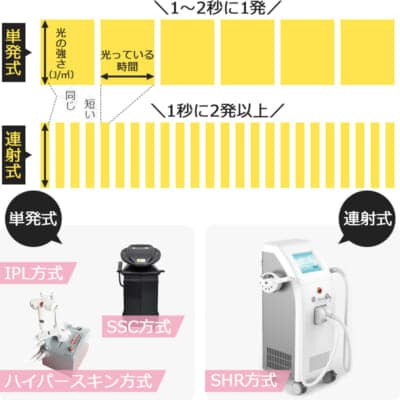 エステ光脱毛機の種類と照射速度の違い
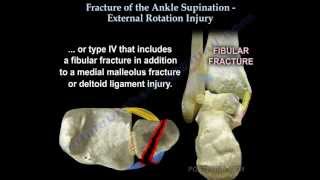 Ankle fracture , Supination External Rotation - Everything You Need To Know - Dr. Nabil Ebraheim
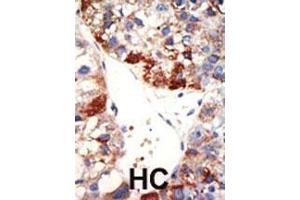 Immunohistochemistry (Paraffin-embedded Sections) (IHC (p)) image for anti-Negative Regulator of Ubiquitin-Like Proteins 1 (NUB1) (AA 87-117), (N-Term) antibody (ABIN389078)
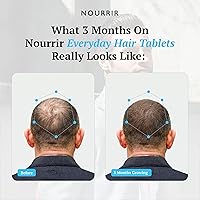 Vista 5 de Tabletas de crecimiento del cabello para hombres, biotina, bloqueadores de DHT, vitaminas, promueve el cabello grueso, equilibra las hormonas, 24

*-*-*

■ **Problem details**
Set the material down exactly, images excluded.

■ **Task response**
 エステ光脱毛機の種類と照射速度の違い
 Ankle fracture , Supination External Rotation - Everything You Need To Know - Dr. Nabil Ebraheim
 Immunohistochemistry (Paraffin-embedded Sections) (IHC (p)) image for anti-Negative Regulator of Ubiquitin-Like Proteins 1 (NUB1) (AA 87-117), (N-Term) antibody (ABIN389078)
 Vista 5 de Tabletas de crecimiento del cabello para hombres, biotina, bloqueadores de DHT, vitaminas, promueve el cabello grueso, equilibra las hormonas, 24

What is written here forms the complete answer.